Regarding Lucasfilm projects specifically, however much you may personally like or dislike 'The Acolyte', 'Ahsoka', 'Obi-Wan Kenobi', 'The Book of Boba Fett', 'The Last Jedi', etc., there's no denying that Disney has driven away a huge proportion of the Star Wars audience they inherited from George. At the very least, that's incompetence on a $4 billion scale (considering that was the sum they paid for it, and they certainly have not yet recouped anywhere near all of that yet; far, far from it! TFA and Rogue One made money. TLJ probably also made money, but also broke the fandom and crucially also killed the cash cow of Star Wars toy sales dead. Solo lost money, as did TROS (since it had a reported final production budget in the region of $500 million!). Galaxy's Edge has been an expensive underwhelming and under-performing mess, the Galactic Starcruiser hotel lost hundreds of millions and has now closed. All of the Disney Plus shows have cost ~$200 million plus per series (with The Acolyte's official budget of $180 million likely to be proven to be nearer $300 million once the receipts get published, which they will be since it was made in this country, and Disney can't lie about it), the Willow series was so costly and disasterous Disney removed it from Disney Plus as a tax write-down and will never show it again, and Indiana Jones and the Dial of Destiny was an unmitigated disaster costing Disney at least $200 million, and again, will probably eventually also be revealed to be closer to $300 million. To repeat, incompetence on a $4 billion scale!

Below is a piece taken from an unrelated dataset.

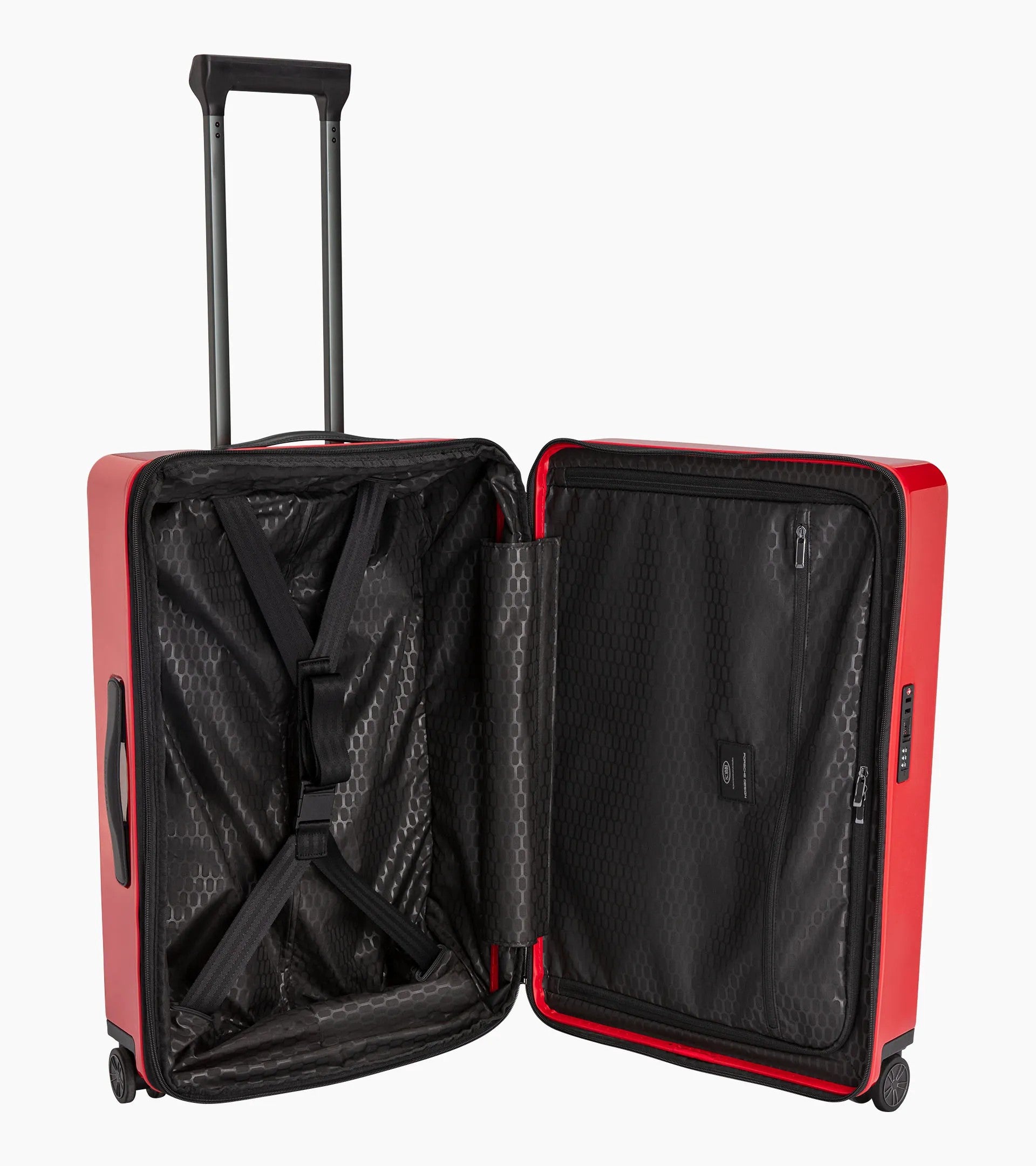 Roadster hardcase trolley M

Marvel *might* possibly be learning their lesson (although that remains to be seen with their post 'Deadpool' projects, with Captain America 4's budget ballooning to a reported $400 million before marketing!), but Lucasfilm certainly hasn't! Under Kathleen Kennedy's 'leadership' Star Wars has become a dead brand. They've destroyed canon, not just by discarding the hugely popular EU, but also by the arrogance and or yet more incompetence by the decision makers and story writers. They've insulted and lied about the fans, calling anyone who dislikes their divisive and uninspired output 'ists' and 'phobes', when nothing could be farther from the truth. They continue to pump out content with zero broad appeal, that costs the earth to make, and which very few people are watching. The opening 2 episodes of The Acolyte were viewed by 3% of Disney Plus viewers, which is terrible, and which is beaten on the low-viewership front only by 'Andor'. And the rumours are that The Acolyte's viewership may have dropped by as much as a staggering 90% from that poor starting point, by the end of the show's run. Again, you personally may have loved The Acolyte, but most Star Wars fans didn't even bother to watch it, and I don't blame them.
George Lucas didn't feel the need to deliberately exclude or vilify anyone from his films' potential audience. He didn't feel the need to push any sort of political or social messaging or do anything to divide or deliberately drive away or insult fans. Quite the opposite; he embraced his fans, giving them feel-good stories that at their heart were tales of good versus evil, where good ultimately triumphs. There was no ambiguity or rationalisation, no blurring of the lines or moral relativism. It wasn't meant to represent the real world that we actually live in, but rather was escapist fantasy entertainment nominally made for children, but which in truth everyone could enjoy.
If Star Wars is to have a future, Disney needs to return to George's vision and attitudes very quickly indeed, or there will be nothing left to save.